Can A Maryland Insurance Company Deny a Claim Based on a Serious Car Accident ?
There are three principal methods available to an insurance company, in my view, to dispute any claim for compensation or benefits after an automobile accident:
Denial. Minimization. Stalling.
The first is the frank, outright denial where the insurer takes the position that they owe no money because they’re not obligated under the policy of insurance to pay, or, that their insured person has a viable legal defense to the claim.
The second method available is to minimize the claim or the injuries alleged to have been sustained by the plaintiff in the case. Here, the argument is that although there might have been an accident, or some level of minor injury, that injury was not serious or was related to any cause under the sun -other than the motor vehicle accident.

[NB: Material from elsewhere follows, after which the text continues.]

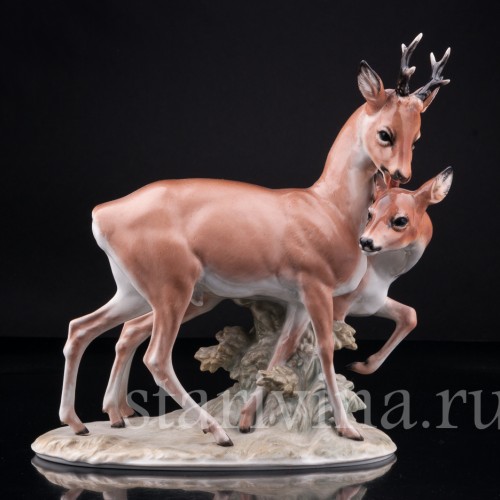 Статуэтка животных из фарфора Косули, Rosenthal, Германия, 1930 гг.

The final method is to delay the resolution of the case. Here, the goal would be to “wear down” the injured person -who may be facing missed time from work coping with mounting expenses in, addition to ongoing physical or emotional pain. Insurance companies are mammoth entities with essentially unlimited resources. They can afford to wait. The injured person, most often, cannot.

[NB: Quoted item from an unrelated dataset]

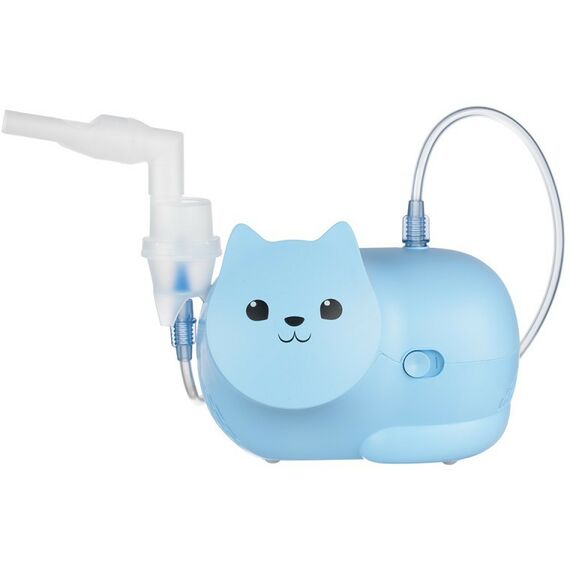 Ингаляторы (небулайзеры): Ингалятор компрессорный детский Omron Neko Kat (KRU) голубой фотографии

As attorney Eric T. Kirk will tell you, this article explores some of the methods and insurance company can use to fight a claim for personal injury in the wake of a significant car accident. What I tend to see is that in the realm a serious Maryland motor vehicle accidents, insurance companies and their attorneys tend to rely more on the “minimization of the injuries” tactic. If the accident in question is a serious one involving significant physical forces and impact, immediate hospitalizations, surgeries, and some of the other hallmarks of a serious personal case, it might be difficult to argue that the accident didn’t happen, or that at least some compensation is not due and owing. The strategy here is often to minimize the severity of the injury, beginning with setting the tone of the dialogue early in the case. Some of the commonly used ploys here are to constantly refer to injuries as ” just soft tissue”, or by using the phrase “no surgery recommended”. The implication of course is the injuries to the muscles, ligaments, tendons or disc material in one’s neck or back cannot have serious consequences, or, that if an outright surgical repair is deemed unnecessary, that the injuries sustained are, in fact, not serious ones at all.

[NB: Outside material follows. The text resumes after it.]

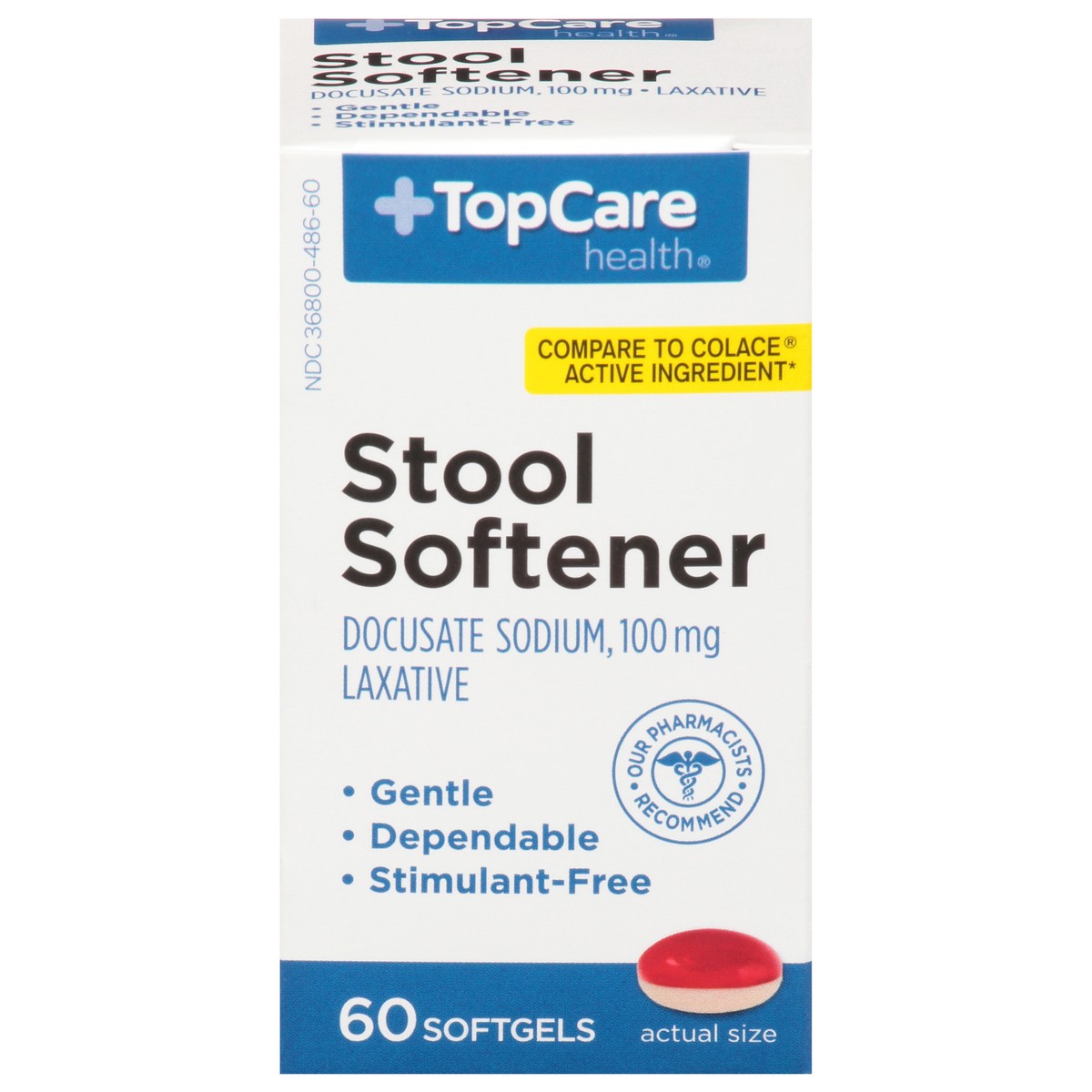 slide 1 of 9, TopCare Top Care Stool Softener, 60 ct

The major insurance companies in Maryland employ some of the most experienced, effective and savvy litigators in this state to represent their interests in court. Most of these skilled insurance defense attorneys will seek an independent review of the medical evidence by a doctor of their choosing, whom they have paid for their opinions and conclusions. In the legal lexicon, this is the “IME” or “Independent Medical Examination”. The results of these examinations are most often an opinion that either minimizes the nature and extent of the plaintiff’s injuries, or as we frequently see, that attributes complaint of pain to any other conceivable cause other than the subject motor vehicle accident. A common conclusion found in these reports is that the plaintiff suffered from a heretofore, asymptomatic and undiagnosed degenerative condition in the impacted body part. It necessarily follows, in the doctor’s opinion, then, that whatever symptoms pain or discomfort the plaintiff is experiencing now is related simply to a degenerative or arthritic process, rather than injuries sustained as a result of being involved in a serious automobile accident.